The research of content-based audio frequency semantic feature similarity comparative approach; Be based on the music retrieval of content and an important branch in music recommend field; Specifically be meant through the audio frequency characteristics analysis; Different voice datas are composed with different semantics, made audio frequency keep similar acoustically with identical semanteme.Because music and people's sense of hearing perception is closely related; It has more passed on a kind of emotion; A kind of mood of very difficult quantification, this specific character of music have determined that extrinsic informations such as used title of the song, singer are to music analysis and inapplicable in the systematic searching technology of audio frequency.Therefore find some characteristic that can characterize music and how the high-layer semantic information of music is described all and be badly in need of very much.

How to extract the lower level characteristic (tone, melody and rhythm etc.) in the music, make unordered audio frequency become in proper order in order, the audio retrieval technology that is based on content realizes key in application.Present research all is based on a certain audio frequency characteristics; Such as the cepstrum coefficient MFCC that has extracted based on the Mei Er frequency; Or earlier with in human auditory's perception etc. characteristics such as loudness pre-emphasis, intensity, loudness carry out a series of engineering simulation; Thereby adopt all-pole modeling to carry out linear prediction analysis afterwards and obtain corresponding LPC coefficient, the research that also has uses the behavioral characteristics of MFCC or LPC to portray the time-varying characteristics of sound signal, i.e. the single order of primitive character and second order difference.For music content, it is not enough that the low layer acoustic feature is only arranged, and high-level semantic notion how to describe music also is a key issue.Along with the raising of living condition, People more and more is paid attention to the cultivation of spirit taste, in the different occasions people music that demand is different, the purposes of music has been proposed more and clearer and more definite and careful requirement, and these requirements are that traditional research can't realize.

Summary of the invention

Goal of the invention: the objective of the invention is to: a kind of content-based audio frequency semantic feature similarity comparative approach is provided; It can extract the characteristic parameter of music signal; And utilize the characteristic parameter that is extracted to set up HMM based on semantic keyword, can compare the similarity of the semantic feature of music then according to probability model.

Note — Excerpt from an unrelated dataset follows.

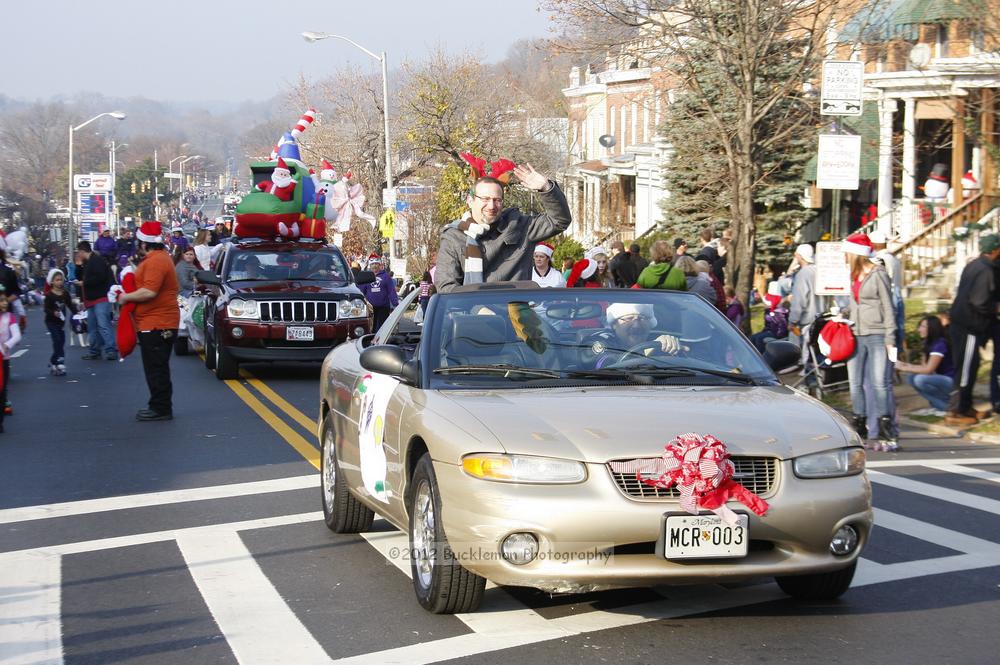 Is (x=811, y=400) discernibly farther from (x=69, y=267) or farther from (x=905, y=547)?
(x=69, y=267)

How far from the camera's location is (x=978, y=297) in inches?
539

Technical scheme: embodiments of the invention are realized through following technical scheme:

A kind of content-based audio frequency semantic feature similarity comparative approach comprises the steps:

1) extract frame length 5s, frame moves the music of 0.5s, then extracts the characteristic parameter in the music;

2) with above-mentioned characteristic parameter composition characteristic vector;

3) make up the lexicon that 174 keywords are described, then with each keyword as model, be training sample structure hidden Markov model with the eigenvector;

4), obtain probability distribution based on keyword to the hmm output probability polynomial expression;

5) relatively compare according to the KL formula based on the similarity of given keyword.

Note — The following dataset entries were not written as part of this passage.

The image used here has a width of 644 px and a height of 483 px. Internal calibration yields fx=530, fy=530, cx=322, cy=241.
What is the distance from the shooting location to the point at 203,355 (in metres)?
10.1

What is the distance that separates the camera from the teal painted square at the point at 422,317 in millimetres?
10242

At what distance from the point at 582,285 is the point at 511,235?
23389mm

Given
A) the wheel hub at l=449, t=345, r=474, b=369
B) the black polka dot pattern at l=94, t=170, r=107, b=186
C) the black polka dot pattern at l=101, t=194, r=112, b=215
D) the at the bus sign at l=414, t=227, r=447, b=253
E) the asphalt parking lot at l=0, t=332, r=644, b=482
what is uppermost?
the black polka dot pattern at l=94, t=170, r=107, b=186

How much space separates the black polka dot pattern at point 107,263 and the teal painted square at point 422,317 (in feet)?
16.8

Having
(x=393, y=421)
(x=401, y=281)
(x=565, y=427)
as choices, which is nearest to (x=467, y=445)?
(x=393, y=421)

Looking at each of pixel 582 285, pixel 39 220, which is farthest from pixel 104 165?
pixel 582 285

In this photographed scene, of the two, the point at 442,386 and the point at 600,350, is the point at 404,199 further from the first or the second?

Described hidden Markov model building method comprises the steps:

1) according to formula

b_{j} (o_{t}) = Π_{s = 1}^{S} [Σ_{m - 1}^{Ms} c_{Jsm} N (o_{St}, μ_{Jsm}, Σ_{Jsm})] r_{s}

Obtain the probability b of state output observed reading;

Wherein N is a Gaussian probability-density function, and O is that the characteristic coefficient of music is an observation sequence, and μ, ∑, c are respectively average, variance and weight coefficient, and M is that the Gauss that each state comprises mixes first number;

2) iterations is set,, and adds up and obtain ∑ with the probability P (O/ λ) of all training audio frequency observation sequences of Viterbi algorithm computation HMM output ₁In, with the Baum-Welch algorithm model parameter is carried out revaluation again, obtain λ 1, again with the probability P (O/ λ 1) of all training audio frequency observation sequences of Viterbi algorithm computation HMM output, and add up and obtain ∑ ₂In;

3) with ∑ ₁And ∑ ₂The result compares, and whether judged result less than predetermined threshold value be, then need not to carry out revaluation and calculates, and λ 1 as result of calculation output, is then done new round computing with λ 1.

Said initial probability is taken as [1.0 1.0 1.0], and state transition probability is taken as

[\begin{matrix} 0.0 & 1.0 & 0.0 \\ 0.0 & 0.6 & 0.4 \\ 0.0 & 0.0 & 0.0 \end{matrix}]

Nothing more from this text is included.